Pflegereform: Zum großen Wurf hat es wieder nicht gereicht

Immer wieder wurde von der Politik die ganz große Pflegereform angekündigt - doch gekommen ist sie auch diesmal nicht. Der Entwurf aus dem Hause Gröhe macht die Pflege nicht zukunftssicher. Ein Kommentar.

Man ist bescheiden geworden mit den Jahren. Und geduldig. Seit Norbert Blüm, der einstige Sozialminister, vor 20 Jahren die Pflegeversicherung, sein Lebenswerk, aus der Taufe hob, hat sich nicht mehr viel getan. Zwar versprach jede Bundesregierung, egal, welche Farbe sie trug, die große, die ganz, ganz große Pflegereform. Aber die Ergebnisse blieben immer klein, ganz, ganz klein. Dabei konnte man zusehen, wie der Politik das Problem über den Kopf wuchs. Die hocherfreuliche Tatsache, dass das Lebensalter der Menschen in den vergangenen Jahren massiv angestiegen ist, hat ja eine Schattenseite: Die Zahl der Pflegebedürftigen steigt ebenso massiv an. Heute sind es 2,63 Millionen, in 15 Jahren werden es 3,22 sein und im Jahr 2050 gar 4,23. Das sind gewaltige Zahlen, und sie werden noch gewaltiger, wenn man sich die Zahl jener vor Augen führt, die das Heer der zu Pflegenden versorgen soll. Etwa eine Million Personen sind heute in der Pflege beschäftigt, in Heimen oder in ambulanten Diensten. Weil die Zahl der Bedürftigen weiter ansteigen wird, steigt auch der Mangel an Fachkräften. 30 000 fehlen schon jetzt, bis 2030 werden es mehr als 300 000 sein.

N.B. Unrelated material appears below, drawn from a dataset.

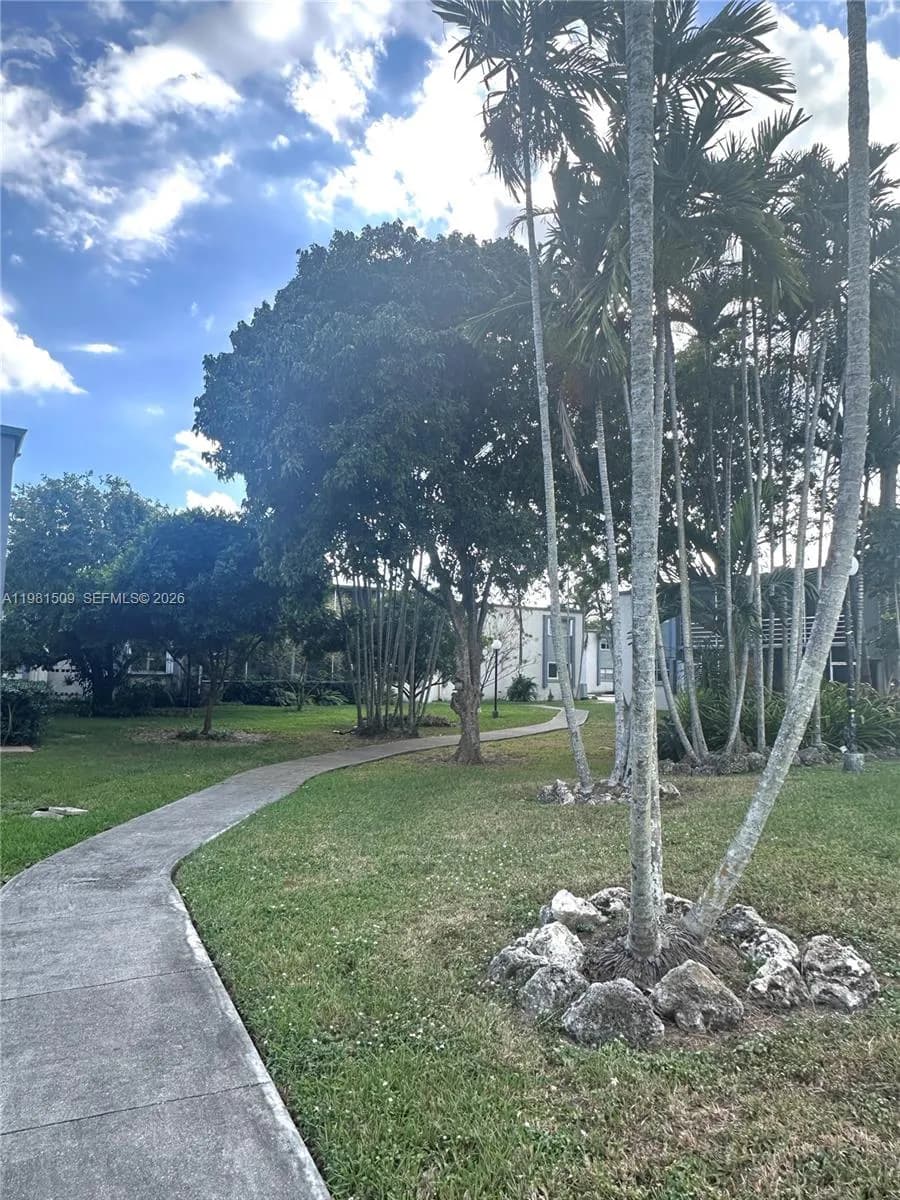 8794 SW 12th St # 105, Miami FL 33174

Von Pflegenotstand zu sprechen, ist demnach nicht übertrieben. Die Politik ist also gefordert, jedes Jahr, das ohne einschneidende Reformen zu Ende geht, ist ein verlorenes Jahr. Man durfte deshalb gespannt sein auf den erneuten Reformversuch, der diesmal aus dem Hause Gröhe kam und am Mittwoch vom Bundeskabinett verabschiedet wurde.
Und da man eben bescheiden und geduldig geworden ist mit den Jahren, darf man ihn in einem Punkt ganz gewiss feiern: Endlich, endlich ist die Definition von Pflege auf neue Beine gestellt worden. Sie soll von nun an nicht nur Menschen mit körperlichen Gebrechen umfassen, sondern auch jene mit Demenzerkrankungen. Diese werden jetzt den an physischen Einschränkungen Leidenden gleichgestellt. Das war nötig, überfällig. Schon heute gibt es in Deutschland etwa 1,4 Millionen Demenzkranke, bis 2030 wird ein Anstieg auf 2,2 Millionen erwartet.
Hier Hilfe anzubieten – immerhin, das wäre geschafft. Und das ist keine geringe Leistung im von vielerlei Interessen überwucherten Pflegedschungel.
Leider geht Hermann Gröhes Gesetzentwurf aber nicht darüber hinaus. Zum großen Wurf hat es abermals nicht gereicht. Zwar wird es einiges an Entlastungen für pflegende Angehörige geben, in zwei Dritteln aller Fälle sind es ja Familienmitglieder, die solche Aufgaben übernehmen. Wer etwa aus dem Beruf aussteigt, um das tun zu können, bekommt in Zukunft von den Pflegekassen Beiträge zur Arbeitslosenversicherung, und das nicht wie bisher auf sechs Monate begrenzt, sondern dauerhaft. Pflegezeiten werden außerdem bei der Berechnung der Renten berücksichtigt. Zudem gibt es Unterstützung, wenn Pflegende krank werden oder in Urlaub gehen.
Das ist hilfreich, aber bei der Herkulesarbeit, die Pflege nun einmal darstellt, dennoch viel zu wenig. Die Entlastungen für die Angehörigen sind jedenfalls entschieden zu gering ausgefallen. Und eine Aufstockung des Personals für die stationäre oder ambulante Pflege ist ganz und gar nicht in Sicht. Sie ist auch mit dieser Reform nicht zukunftssicher gemacht worden.
Auch das unsinnige, weil irreführende Bewertungssystem von Pflegeheimen ist nicht abgeschafft worden, genauso wenig wie das nicht gerade humane System der Pflege im Minutentakt. Ebenso wenig hat sich das Gesundheitsministerium an die Aufwertung des Berufs der Altenpfleger herangetraut. Aufwertung hieße auch bessere Bezahlung. Der physische und psychische Einsatz von Pflegern und deren beschämende Entlohnung stehen noch immer in einem krassen Missverhältnis zueinander.
Obwohl manches besser wurde, ist im Grunde vieles beim Alten geblieben. Die nächste Pflegereform wird kommen. Weil sie kommen muss.